The MTA’s announcement of those measures this morning could be another blow to Governor Spitzer, who controls a majority of the MTA board and who is already reeling this week from an attorney general’s report criticizing his top aides for politicizing the state police by using them against a political foe. Subway and bus fare hikes have cost politicians in opinion polls in the past, and they are often instituted at the beginning of a governor’s term when re-election is far on the horizon.

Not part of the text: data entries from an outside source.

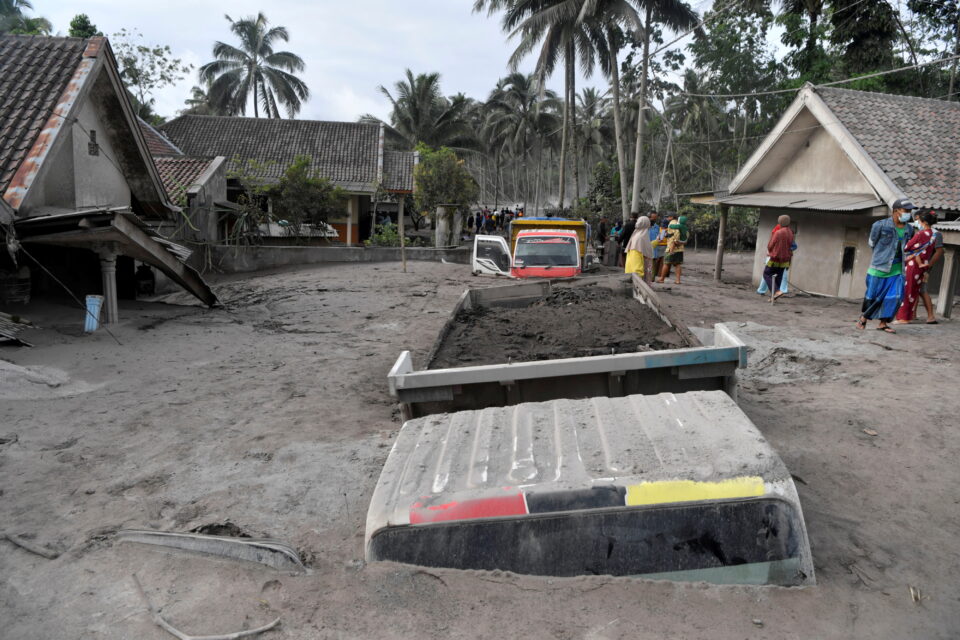 trucks covered by volcanic ash which is spewed out of mount semeru are see in sumber wuluh village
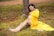 A pregnant woman sits on the ground, leaning against a tree, wearing a flowing yellow dress. She is sitting in a grassy area with scattered red petals and appears to be gently cradling her belly. Beside her are a pair of small white baby shoes placed on the grass.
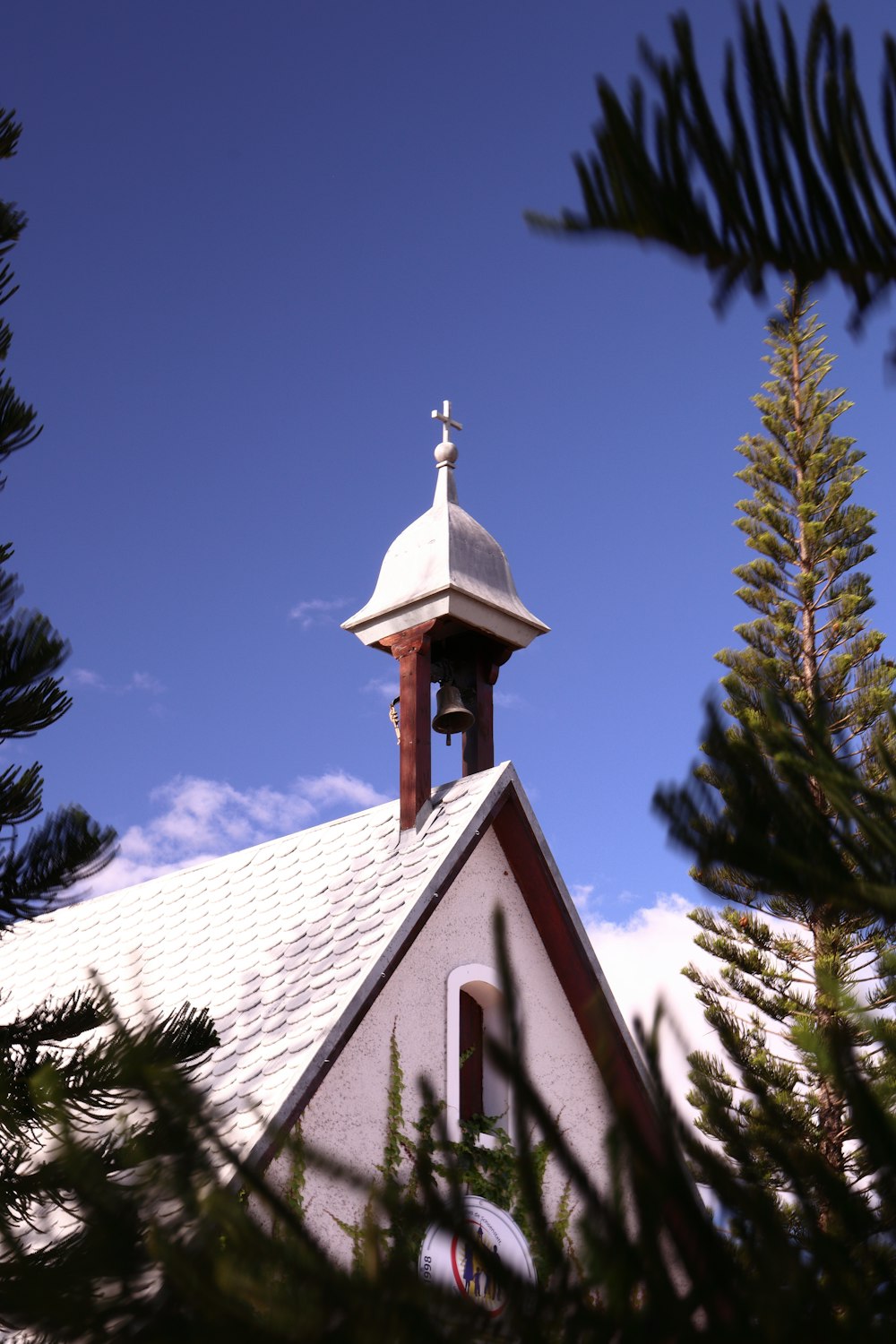 a church steeple with a cross on top of it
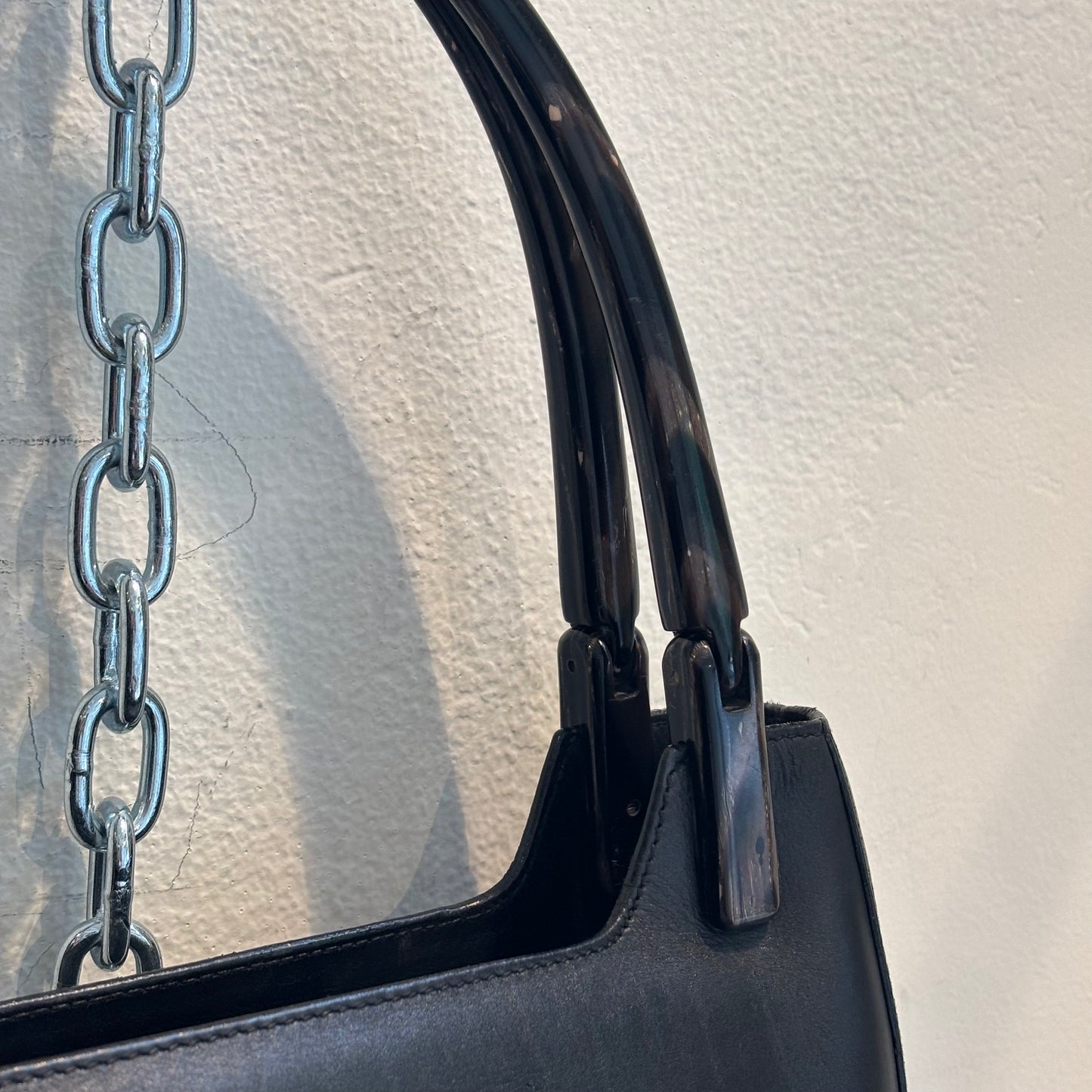 Prada black leather PU straps bag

The MTA could look to bring in up to an additional $500 million a year by raising subway, bus, and commuter-train fares, as well as tolls. The money would help narrow operating deficits that are projected to grow to $1.8 billion by 2010, officials briefed on the preliminary five-year financial plan said. That could translate into raising the $2 base fare, raising the price of discounted monthly and weekly MetroCards, or both. Subway and bus fares could jump to $3 if tolls and state subsidies are not also raised by 20%, according to a report issued last month by the city’s Independent Budget Office.
Some city officials and transit advocates say raising the price of a subway ride could be particularly brutal on commuting New Yorkers when the city is also moving forward with a congestion pricing plan in Manhattan that would raise prices on drivers.
MTA officials said the earliest they would see any revenue from congestion pricing, which would charge drivers to enter most of Manhattan during peak hours, would be 2010.
“We don’t have the revenues from congestion pricing yet,” the CEO and executive director of the Partnership for New York City, a business group, Kathryn Wylde, said. “To the extent that the MTA anticipates deficits in meeting the operating needs, they can’t rely on the uncertain prospect of congestion pricing revenues to fill them.”
The MTA has been able to stave off a fare hike for years, largely because of the booming real estate market, which has channeled revenues to the agency through property taxes.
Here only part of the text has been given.